I couldn't find anything addressing this issue; this is the closest I guess, but I can't figure out how to implement the ideas here.
Somehow I found myself looking at a dataframe like this:
data = [['apple', 'banana','pear','mango'], ['pasta', 'pasta','pasta','pasta'], ['onion', 'tomato','celery','potato'], ['dog', 'dog','dog','dog']]
df = pd.DataFrame(data)
df
Which outputs:
0 1 2 3
0 apple banana pear mango
1 pasta pasta pasta pasta
2 onion tomato celery potato
3 dog dog dog dog
The 2nd and 4th rows have identical values across all 4 columns and I would like to just get rid of them, so the final df looks like this:
0 1 2 3
0 apple banana pear mango
1 onion tomato celery potato
Using drop_duplicates()
doesn't do anything since there are no duplicate rows. Same with duplicated()
.
The following is the only idea (if you can call it that) that I could think of.
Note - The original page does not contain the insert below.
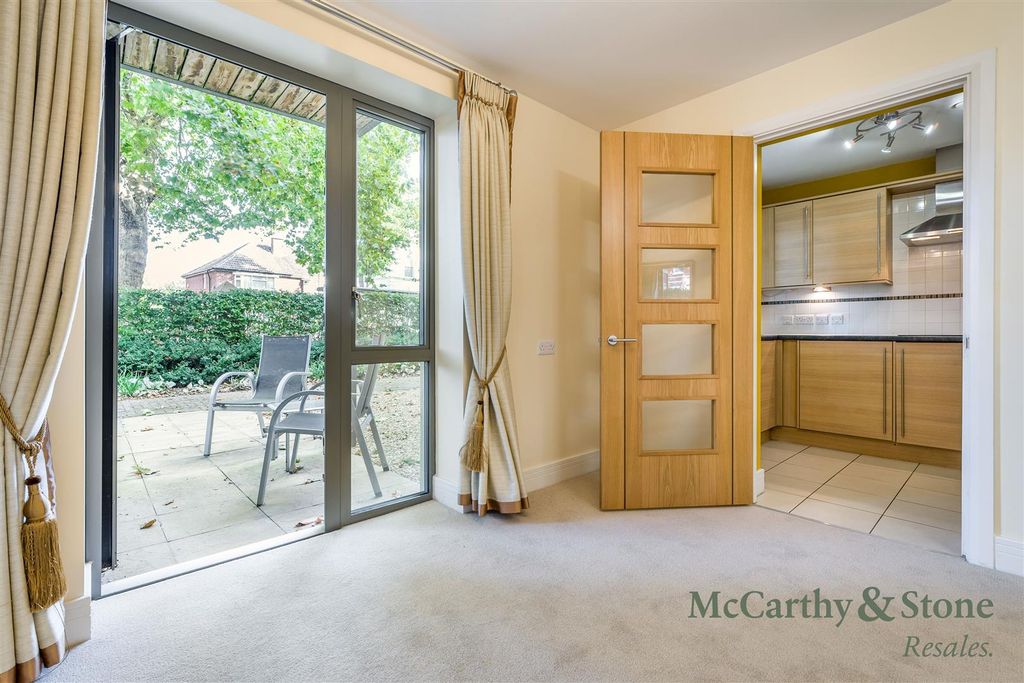 Property photo 1 of 26 8706613-Interior02.Jpg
If I run
df.transpose()
I get
0 1 2 3
0 apple pasta onion dog
1 banana pasta tomato dog
2 pear pasta celery dog
3 mango pasta potato dog
Now if I run duplicated()
on, say, the 4th column:
df.duplicated(3)
I get
0 False
1 True
2 True
3 True
dtype: bool
So maybe I can come up with a function that would transpose the df, run duplicated()
on each column, drop the column if all values, except for the first, come back as True
and then transpose the df back to its original shape.
But I don't know how to do that; also, I would intereseted to know if there is a more elegant way of getting to the same place.